Post by Djchrismac » Thu Apr 26, 2018 7:51 am

I'm not aware of any nor are mainstream scientists, although they do agree it is possible but only for a short duration due to the interaction between the gravity field of earth, the moon and tidal forces. They also have no examples of any and say they are too hard to find using current methods...
Can the Moon have a moon?

Yes, the Moon could have a sub-satellite. If we look at a system of the Earth, Moon, and a sub-satellite, the same idea as above applies. The Moon has its own Hill sphere with a radius of 60,000 km (about one sixth of the distance between the Earth and Moon) where a sub-satellite could exist. If an object lies outside the Moon's Hill sphere, it will orbit Earth instead of the Moon. The only problem is that the sub-satellite cannot stay in orbit around the Moon indefinitely because of tides.

The Moon, like almost all other moons in the solar system, is in synchronous rotation about the Earth meaning it shows the same face to Earth at all times (its rotation period about its own axis is the same as its orbital period about the Earth), which is a result of tidal forces between the Earth and Moon. These are the same tidal forces that cause the high and low tides on Earth. In this configuration, any object within the Hill sphere of the Moon will have its orbit decay due to tides! That means the orbit of any sub-satellite of the Moon will shrink over time.

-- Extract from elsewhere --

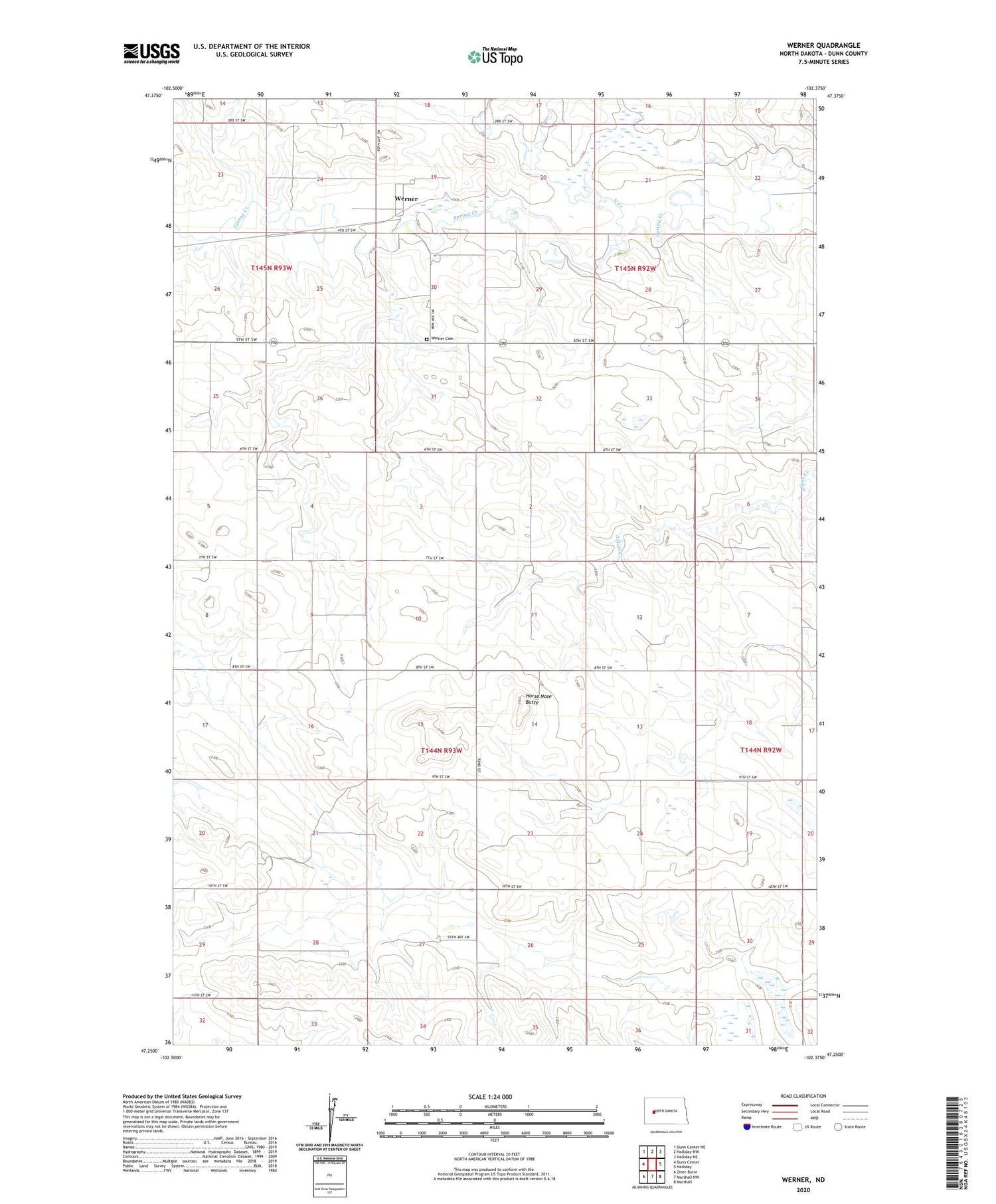 Werner North Dakota US Topo Map Image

In other words, the distance between the sub-satellite and the Moon will get smaller and smaller until the sub-satellite crashes into the Moon or the lunar tides rip the sub-satellite apart!

How does the Moon exist if it is a sub-satellite itself?

The reason this argument does not apply to the Sun-Earth-Moon system is that the Earth itself does not synchronously rotate (nor do any of the planets) about the Sun like the Moon and other satellites do around the planets. This allows the Moon to have a stable orbit around the Earth.

What about man-made lunar orbiters? How do they survive?

Lunar orbiters only orbit the Moon for a few years, a very short time by astronomical standards. Man-made satellites can stay in orbit around the Moon or any moon for the duration of a mission because tidal effects require thousands or millions or more years, depending on the system, to cause the loss of a sub-satellite. Because of this we can leave a man-made satellite in stable orbit around a moon for a few years using the spacecraft's rocket thrusters to correct for any changes in its orbit.
http://curious.astro.cornell.edu/about- ... termediate
No satellite we’ve sent to the Moon has ever orbited for longer than a few years before crashing down into the lunar surface. In theory, you could probably get a satellite to last a few hundred years around the Moon.

But why? How come we can’t make moons for our moon to have a moon of it’s own for all time? It all comes down to gravity and tidal forces. Every object in the Universe is surrounded by an invisible sphere of gravity. Anything within this volume, which astronomers call the “Hill Sphere”, will tend to orbit the object.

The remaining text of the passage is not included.